**Goal of the exercise:**
Word-for-word reproduction, images excluded: copy every entry below.
_ _ _ _
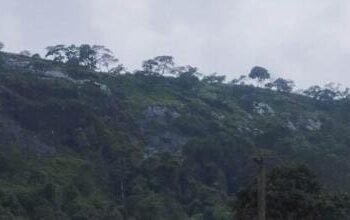 മണ്ണിടിഞ്ഞ മീനാക്ഷി പ്രദേശം കാമല്‍ ഹമ്പ് മലനിരുടെ ഭാഗം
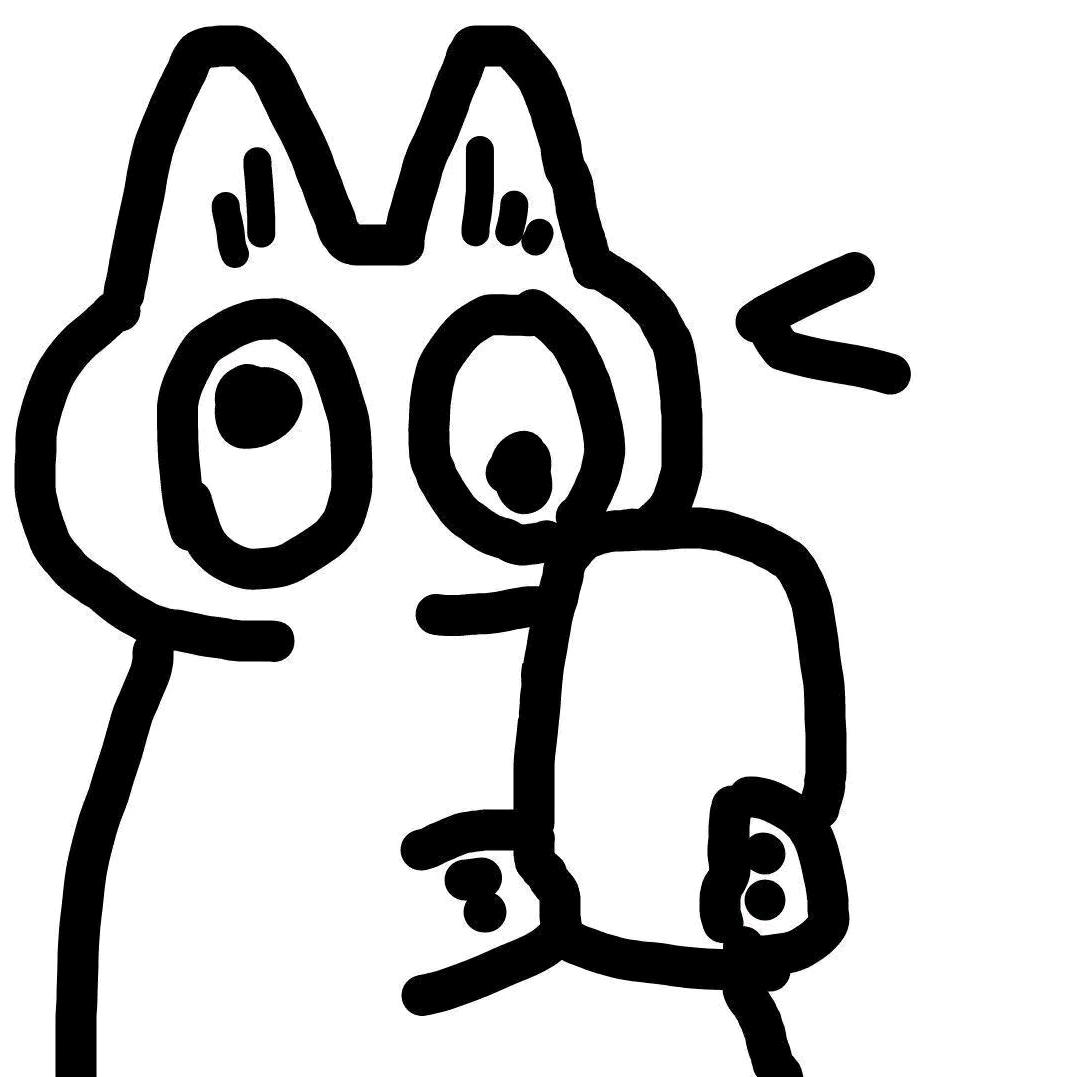 二十.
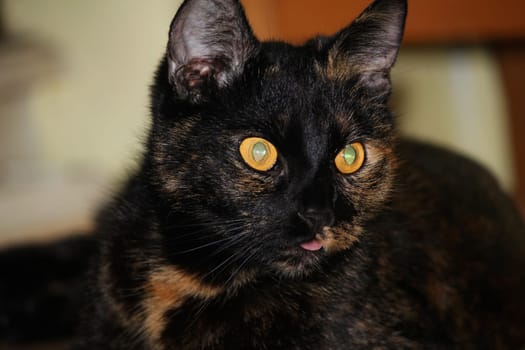 (cat animal) without big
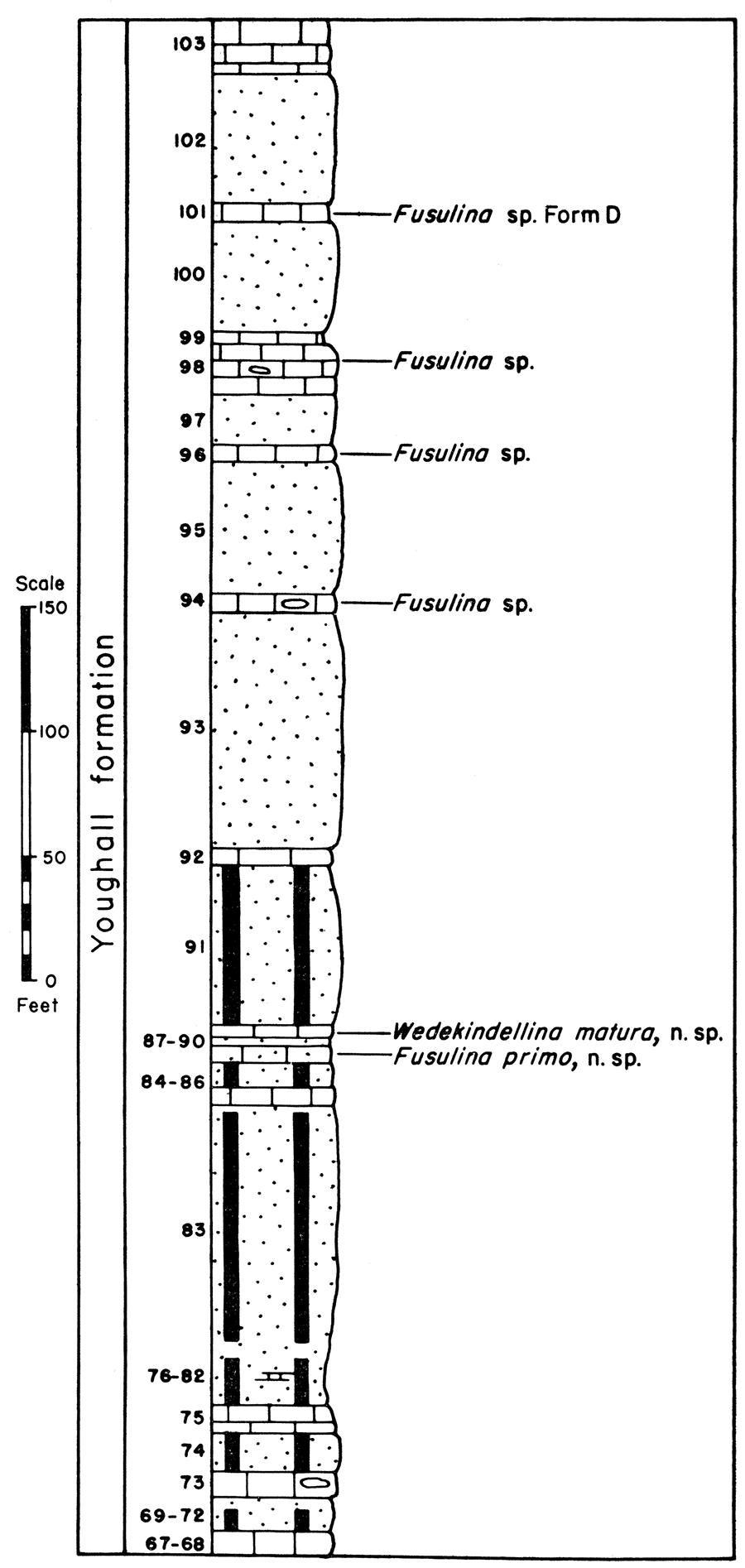 Diagram and fusulinid faunas of the Youghall formation, Section P-17, Hell's Canyon.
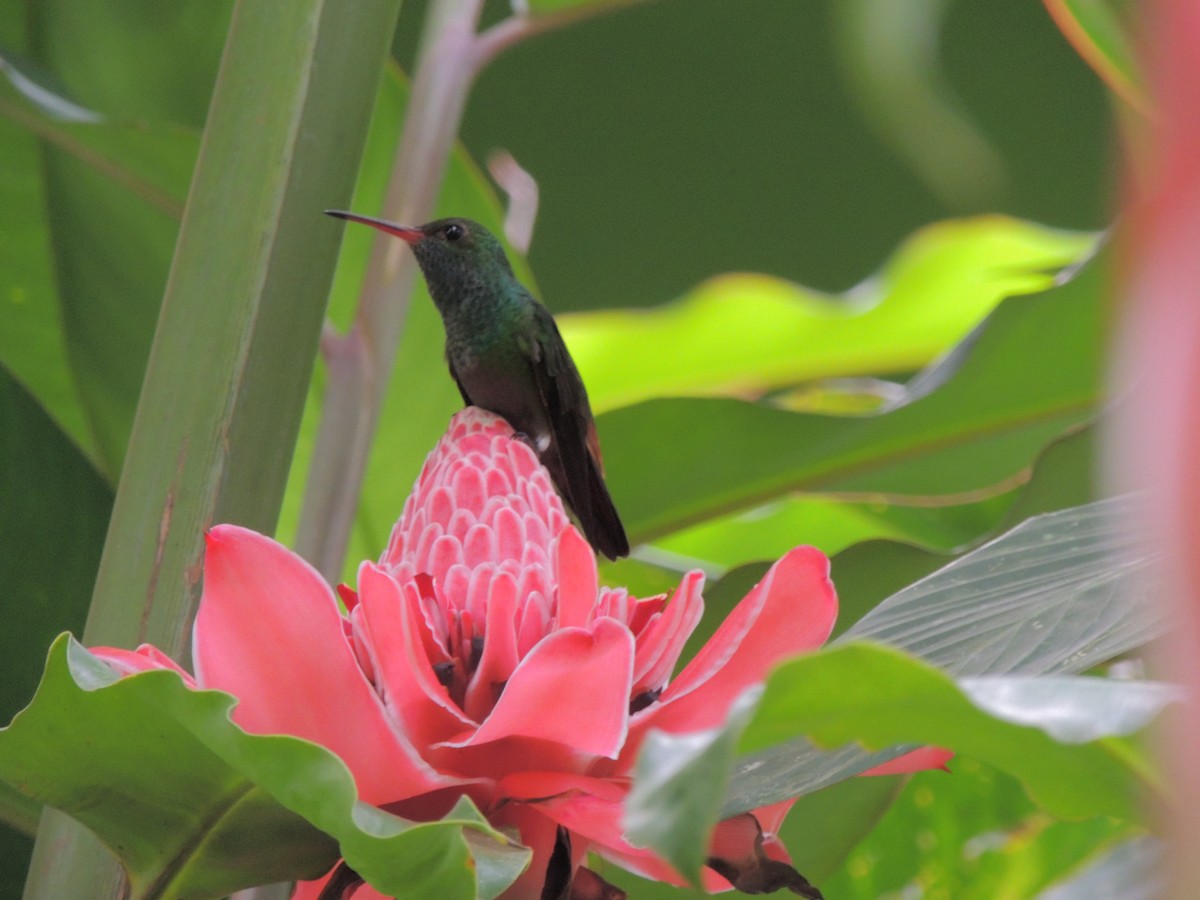 Rufous-tailed Hummingbird - ML620231739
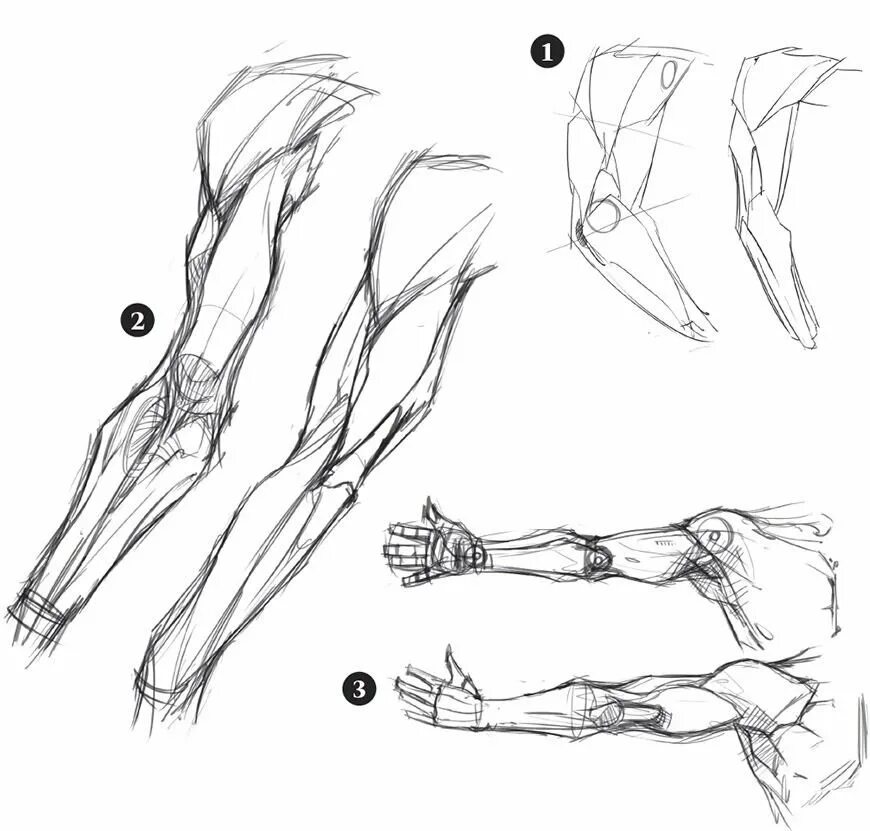 Строение руки рисунок. Руки референс анатомия кисти. Мышцы человека анатомия референс анатомия руки. Мышцы кисти референс. Анатомия рук кисти рук референс.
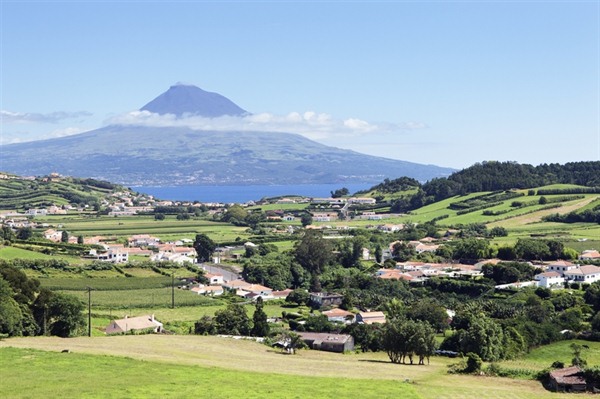FREE DAY ON FAIAL ISLAND 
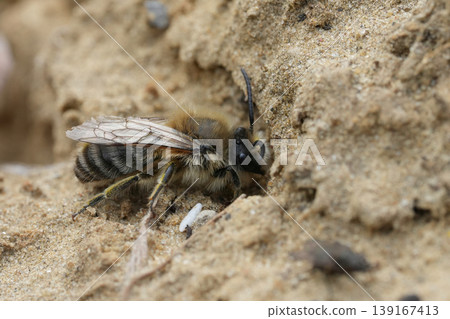 Closeup on a male vernal or spring mining bee, Colletes cunicularius looking for a nest entrance Closeup on a male vernal or spring mining bee, Colletes cunicularius looking for a nest entrance 139167413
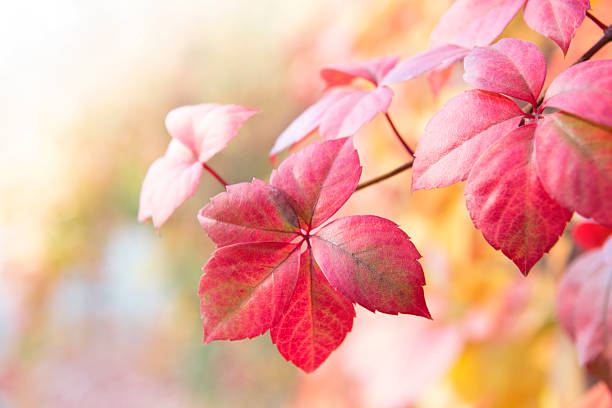 Parthenocissus tricuspidata  Virginia creeper, it is grown as a way to cover the facades of common masonry buildings climbing ornamental plant. In the summer by shading the walls can significantly reduce cooling costs, because it is important to actually use economically. yellow leaves of red leaf background flug clear Boston Ivy stock pictures, royalty-free photos & images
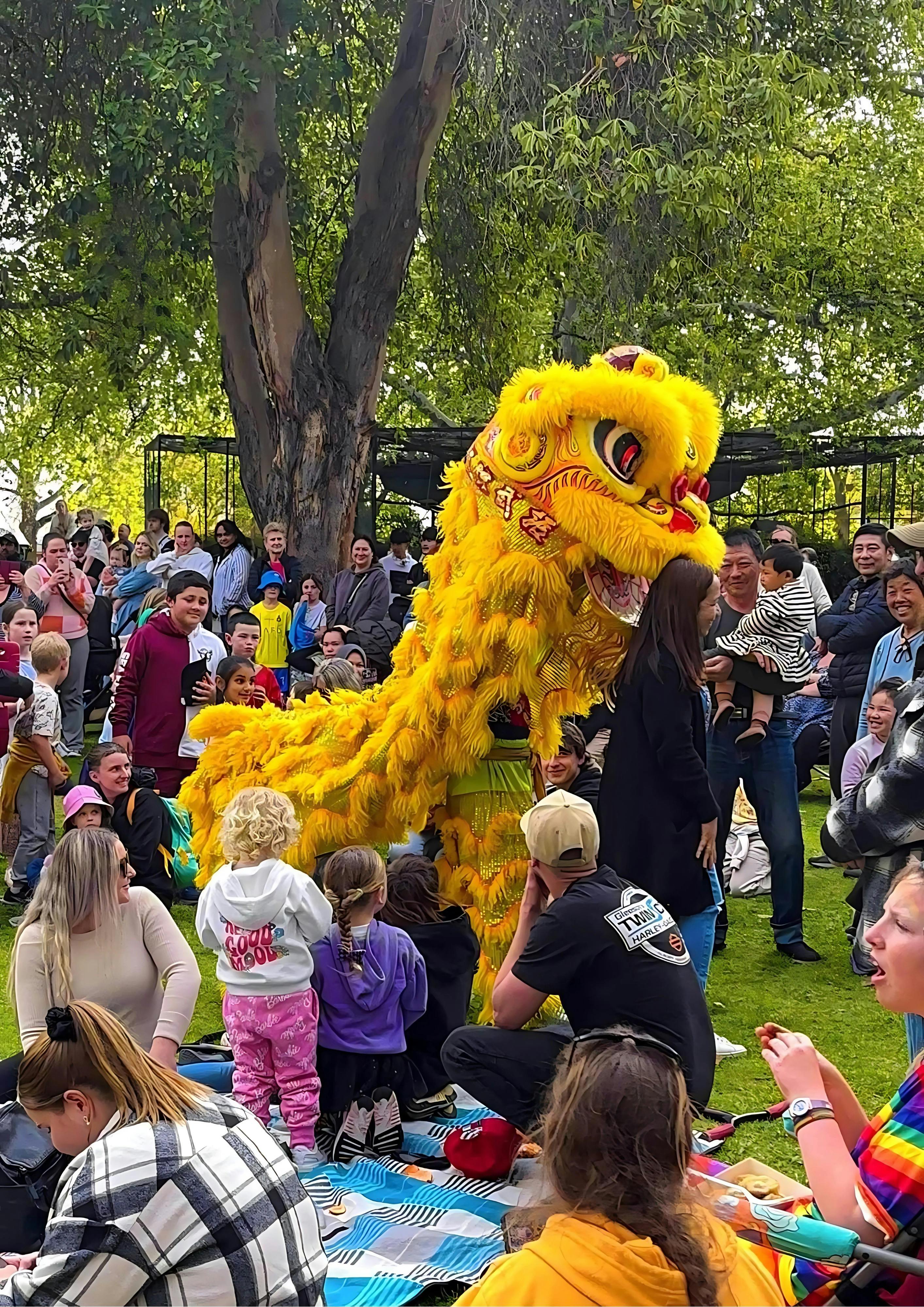 Lion Dancers performing at Leeton Moon Fest 2024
_ _ _ _
**Solution to this task:**
 മണ്ണിടിഞ്ഞ മീനാക്ഷി പ്രദേശം കാമല്‍ ഹമ്പ് മലനിരുടെ ഭാഗം
 二十.
 (cat animal) without big
 Diagram and fusulinid faunas of the Youghall formation, Section P-17, Hell's Canyon.
 Rufous-tailed Hummingbird - ML620231739
 Строение руки рисунок. Руки референс анатомия кисти. Мышцы человека анатомия референс анатомия руки. Мышцы кисти референс. Анатомия рук кисти рук референс.
FREE DAY ON FAIAL ISLAND 
 Closeup on a male vernal or spring mining bee, Colletes cunicularius looking for a nest entrance Closeup on a male vernal or spring mining bee, Colletes cunicularius looking for a nest entrance 139167413
 Parthenocissus tricuspidata  Virginia creeper, it is grown as a way to cover the facades of common masonry buildings climbing ornamental plant. In the summer by shading the walls can significantly reduce cooling costs, because it is important to actually use economically. yellow leaves of red leaf background flug clear Boston Ivy stock pictures, royalty-free photos & images
 Lion Dancers performing at Leeton Moon Fest 2024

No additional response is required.